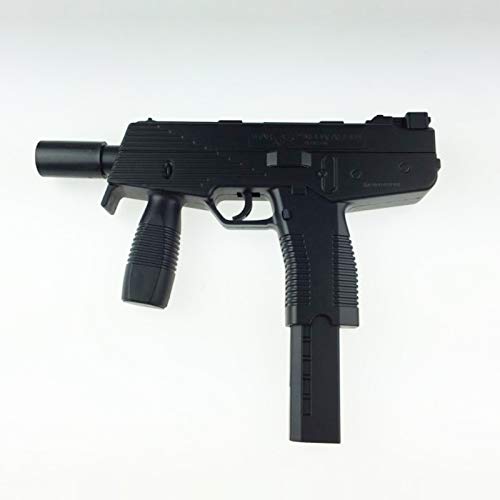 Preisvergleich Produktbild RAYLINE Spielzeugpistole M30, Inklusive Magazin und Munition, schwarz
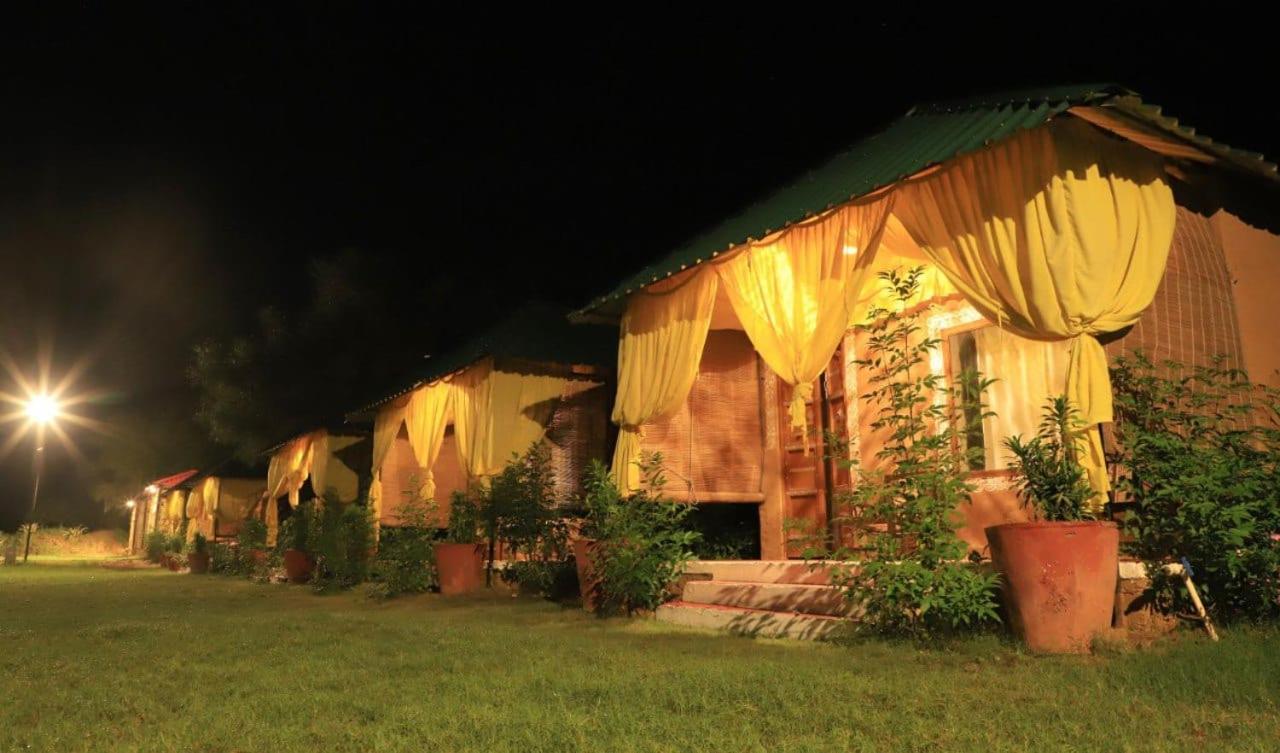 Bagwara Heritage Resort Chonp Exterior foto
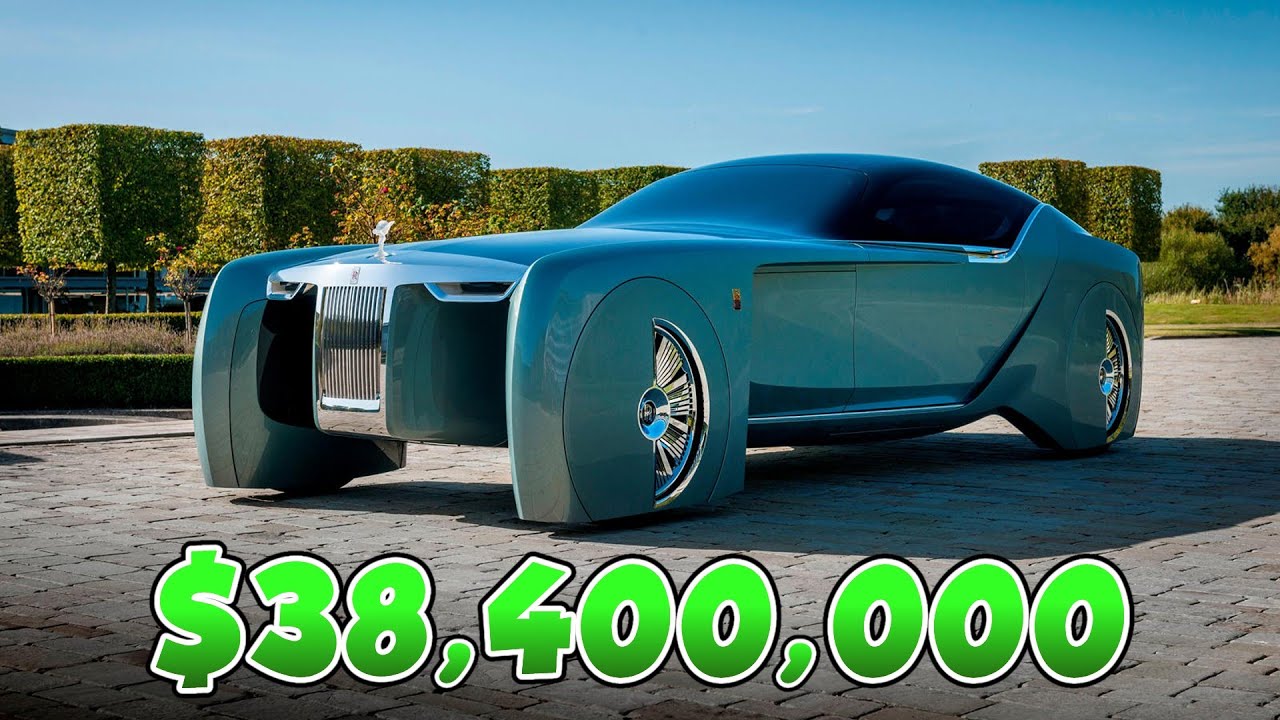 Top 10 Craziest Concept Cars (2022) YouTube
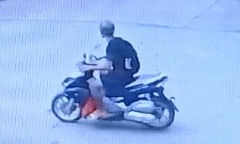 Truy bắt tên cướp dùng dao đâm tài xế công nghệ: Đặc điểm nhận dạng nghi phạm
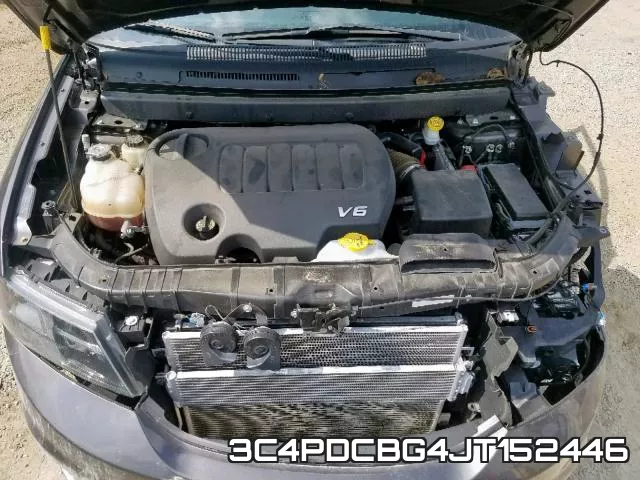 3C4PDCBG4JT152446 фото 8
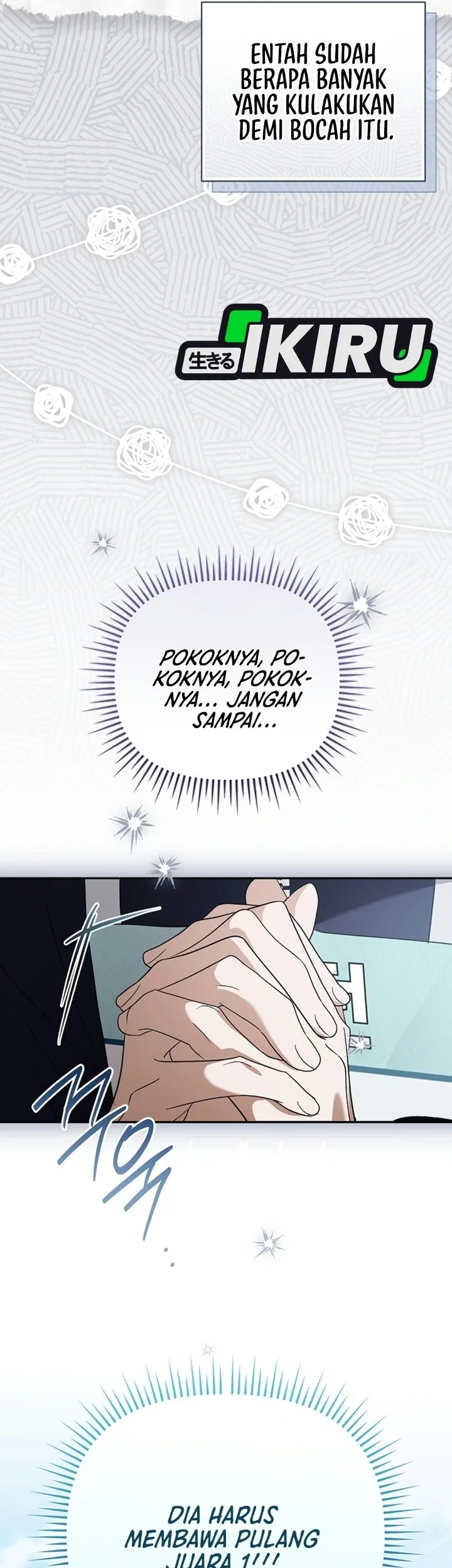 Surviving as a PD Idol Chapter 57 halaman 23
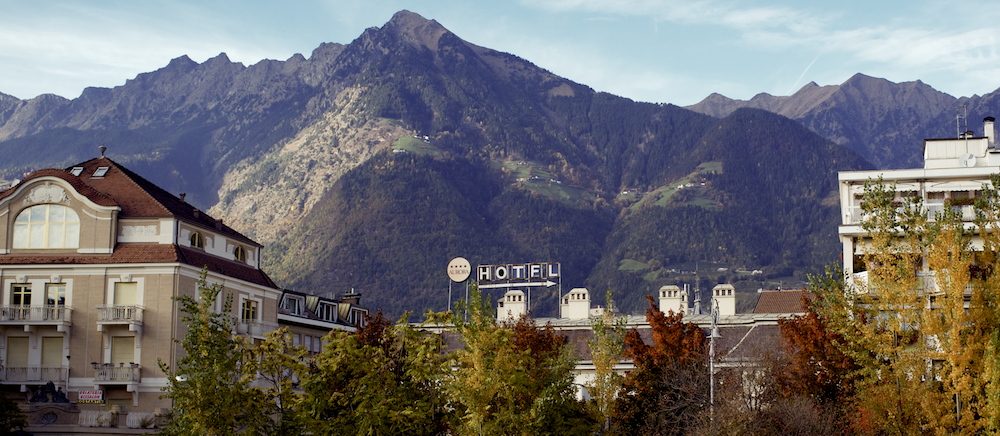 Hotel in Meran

* * *

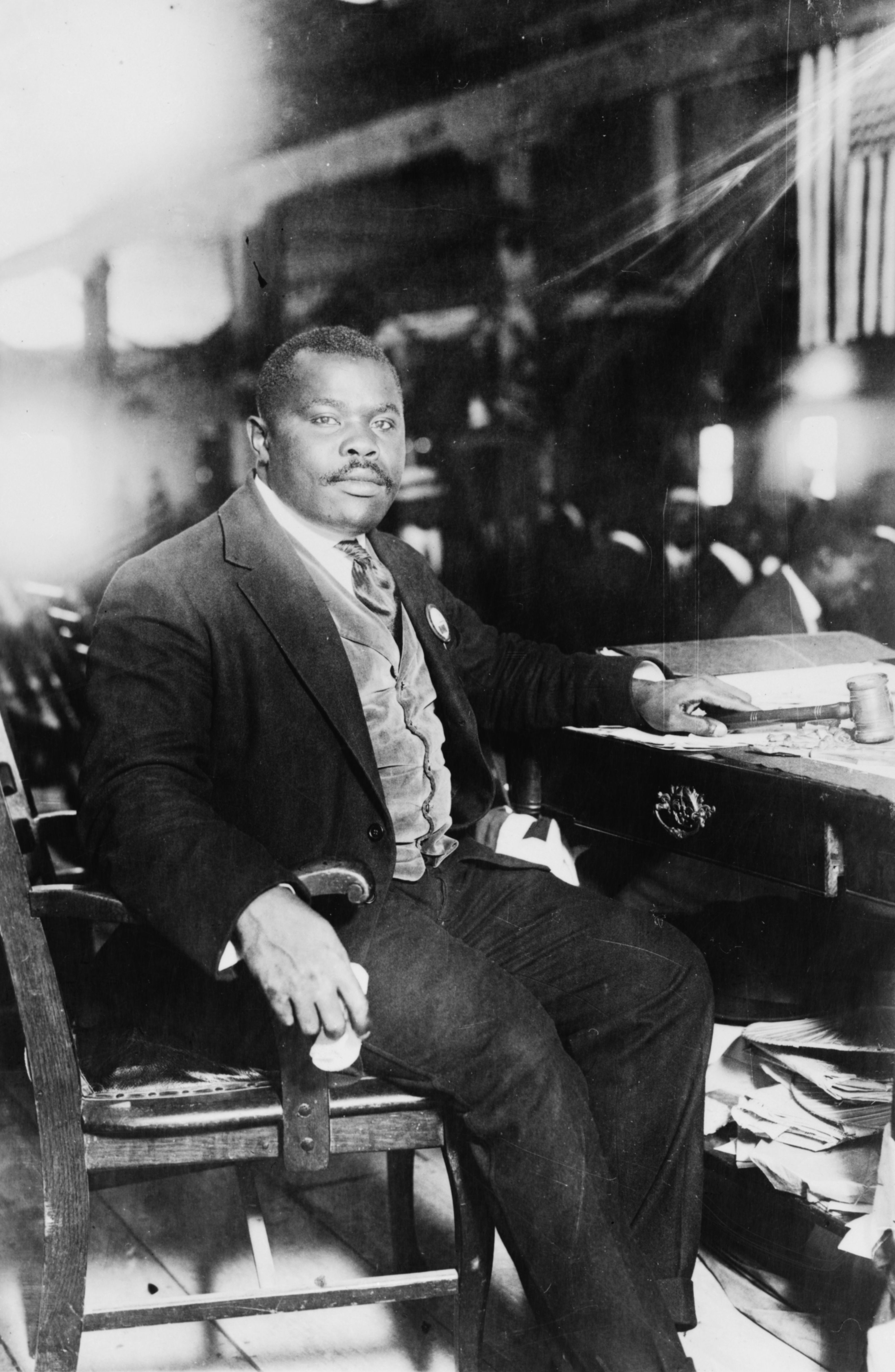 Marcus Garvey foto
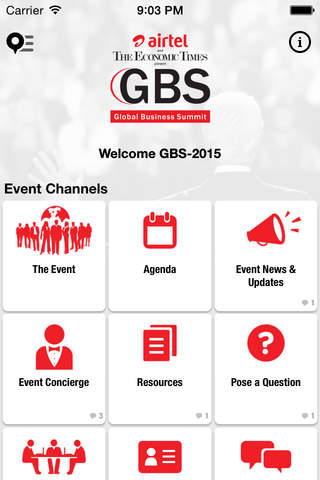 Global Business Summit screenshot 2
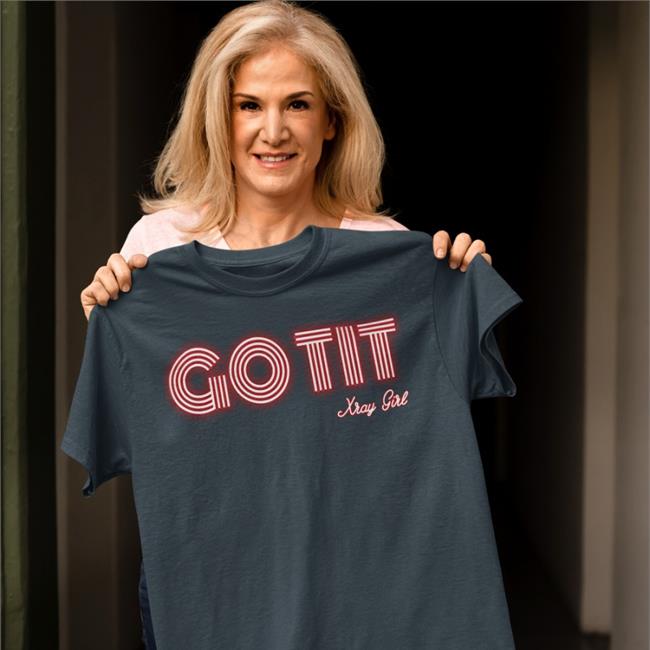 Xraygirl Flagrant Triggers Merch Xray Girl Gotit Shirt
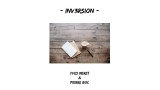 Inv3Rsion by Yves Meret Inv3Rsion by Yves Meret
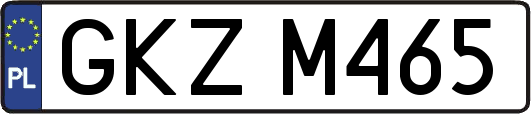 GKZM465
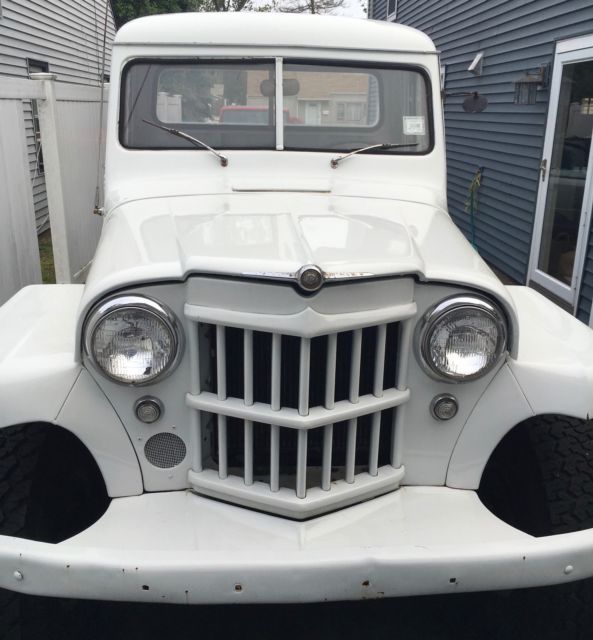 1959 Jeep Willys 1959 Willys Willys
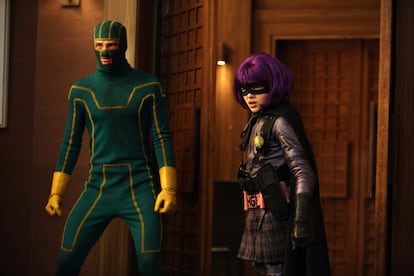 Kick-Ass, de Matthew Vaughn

Aim of the task.
Write out exactly the lines above between the one with "Truy bắt tên" and the one with "Hotel in Meran", inclusive, with pictures left out.

Answer box.
 Truy bắt tên cướp dùng dao đâm tài xế công nghệ: Đặc điểm nhận dạng nghi phạm
 3C4PDCBG4JT152446 фото 8
 Surviving as a PD Idol Chapter 57 halaman 23
 Hotel in Meran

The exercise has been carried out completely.